Konsortium fördert im fünften Jahr Aufstellung und Illumination des großen Christbaumes vor dem Dom

Rot und golden glänzen die Kugeln am großen Weihnachtsbaum vor dem Dom. Zum fünften Mal in Folge hat das Konsortium aus ENGIE E&P Deutschland und Palatina GeoCon dafür gesorgt, dass ein Christbaum den Platz vor dem Weltkulturerbe ziert. „Dank privater Sponsoren ist es gelungen, das Speyerer Wahrzeichen auch in diesem Jahr wieder weihnachtlich zu schmücken“, sagte Oberbürgermeister Hansjörg Eger (Mitte) anlässlich der Aufstellung. Er dankte den Geschäftsführern des Konsortiums Dominique Bayen und Gernot Eberhard sowie den Prokuristen Jürgen Siewerth und Bernard Prost (v.l.n.r) für ihr Engagement.

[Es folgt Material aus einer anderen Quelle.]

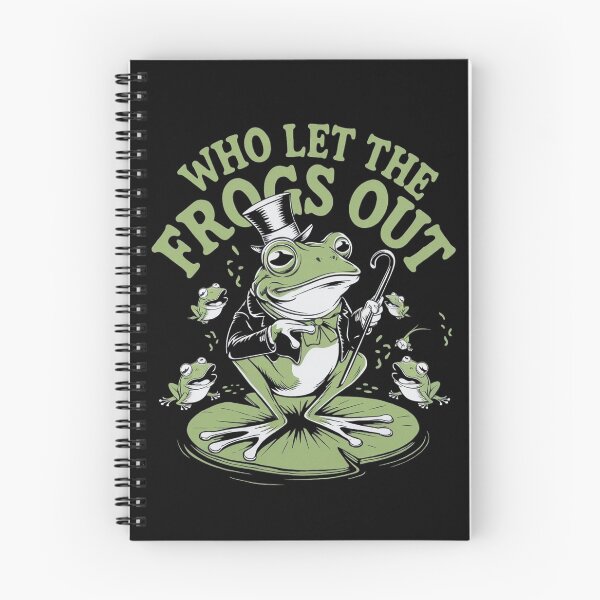 Item preview, Who Let The Frogs Out designed and sold by Redgiant87x.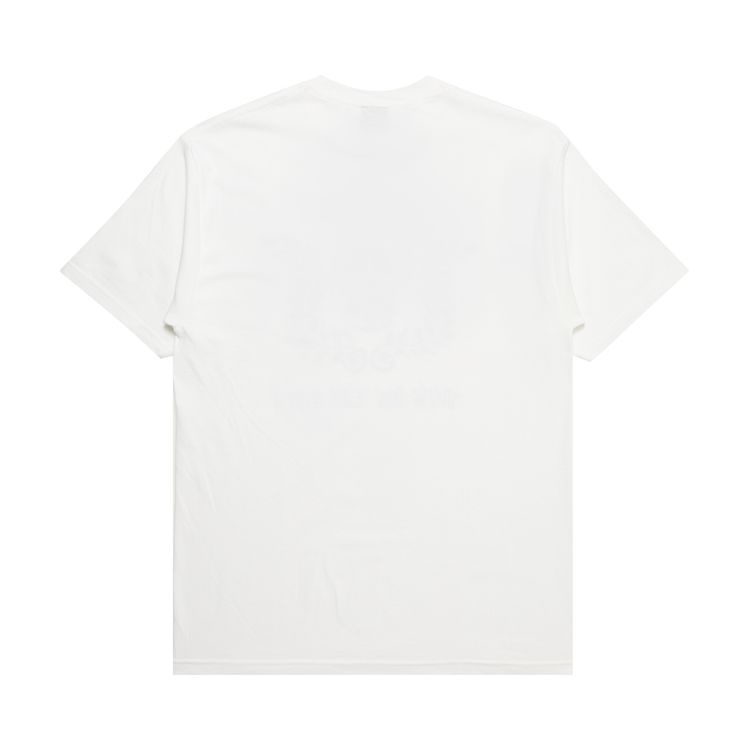Stussy Skull Wreath Tee White
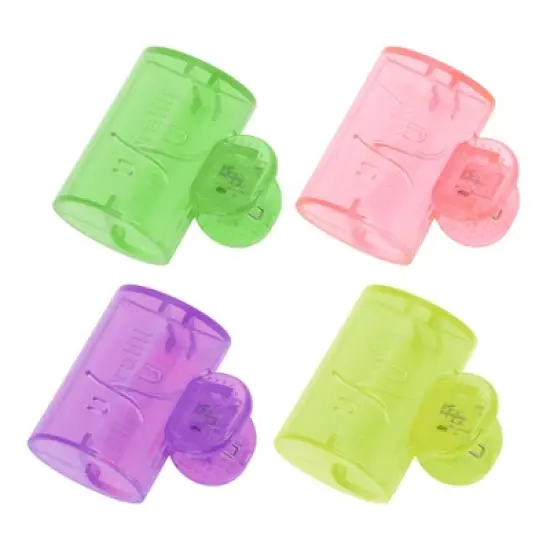 Unique Bargains Square Toothbrush Covers 4 Pcs image {14}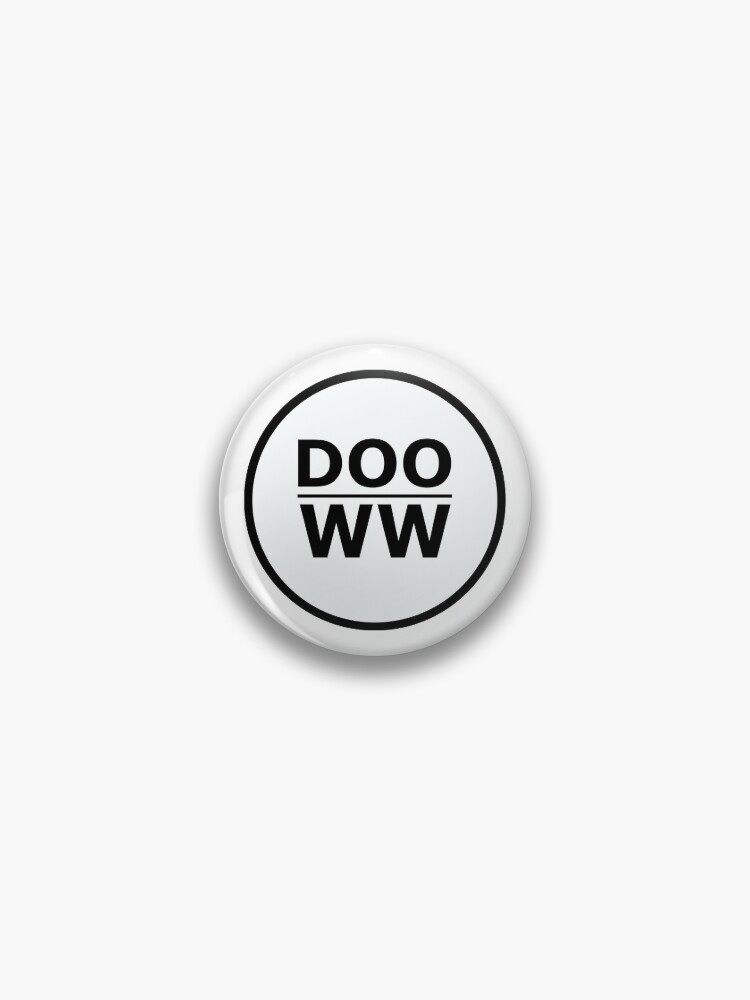 DOO WW - Do Wildwood Pin for Sale by wildwoodapparel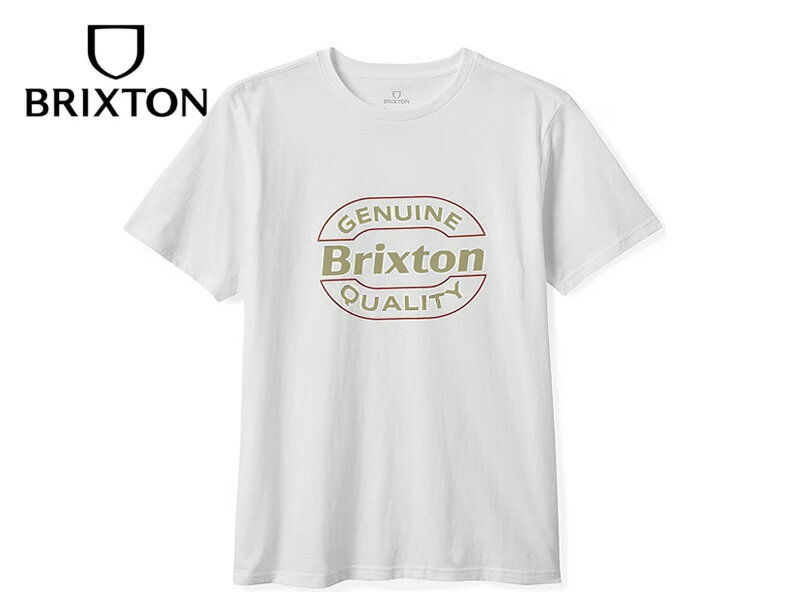 Rakuten - BRIXTON ブリクストン KEATON T-Shirt WHITE キートン Tシャツ ホワイト 22187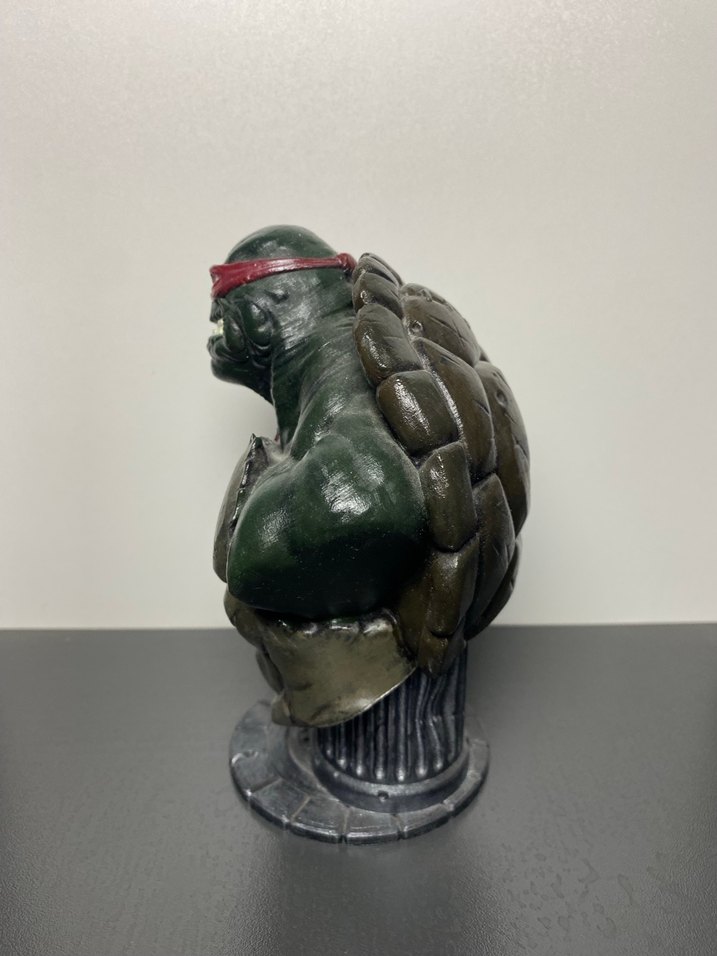 Koyu Gri Ninja Kaplumbağa Aksiyon Figürü - Görsel 3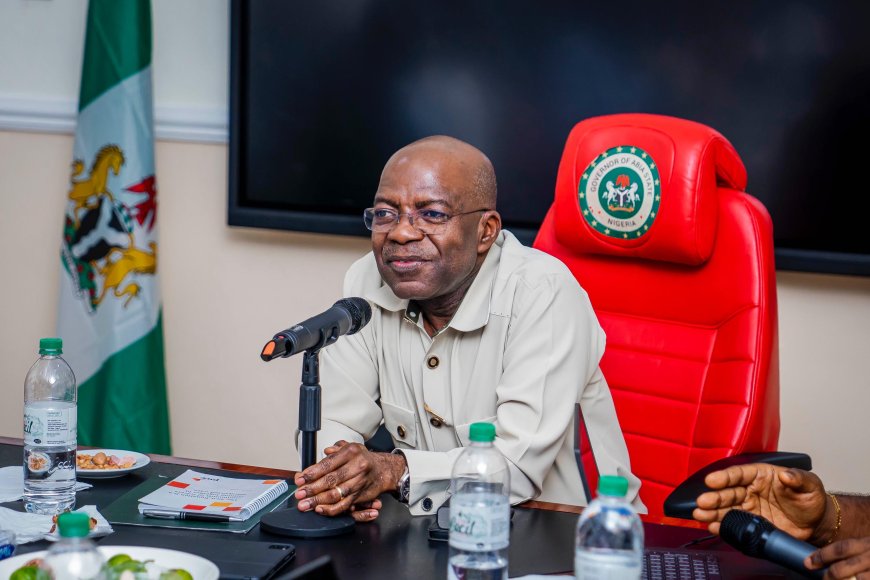Gov. Otti’s Government Generate New Record IGR of N15.5 Billion in six months, says commissioner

Die 15 Meter hohe Rotfichte wurde von einer Familie aus Otterstadt gespendet, das Konsortium sorgte für die Aufstellung, Beleuchtung und den Baumschmuck. Bereits in früheren Jahren hatten die beiden Firmen die Bodenhülse zur besseren Befestigung des Baumes finanziert. Die dauerhafte Lösung dient zum einen der Standsicherheit des Weihnachtsbaumes und sei „natürlich schöner anzusehen als die 18 Tonnen schweren früheren Betonständer“, so Eger. Von Weihnachten bis Mariä Lichtmess am 2. Februar leuchtet die illuminierte Fichte vor dem Domportal.

 

Als Speyer zur Weltbühne wurde

Ausstellung im Historischen Museum zur Ära der großen Staatsbesuche

Noch bis zum 24. September 2017 ist im Historischen Museum der Pfalz die Sonderausstellung „Weltbühne Speyer“ zu sehen. Die Exposition, die das Konsortium aus ENGIE E&P und Palatina GeoCon als Sponsor unterstützt, beschäftigt sich mit der Ära der Großen Staatsbesuche in den 80er und 90er Jahren zu Zeiten der Kanzlerschaft von Helmut Kohl. Dieser lud Staatsgäste aus der ganzen Welt wie Papst Johannes Paul II., Jaques Chirac, Margaret Thatcher, Michail Gorbatschow, George Bush und viele weitere hochrangige kirchliche und weltliche Repräsentanten nach Speyer ein und machte die Domstadt damit zur Weltbühne.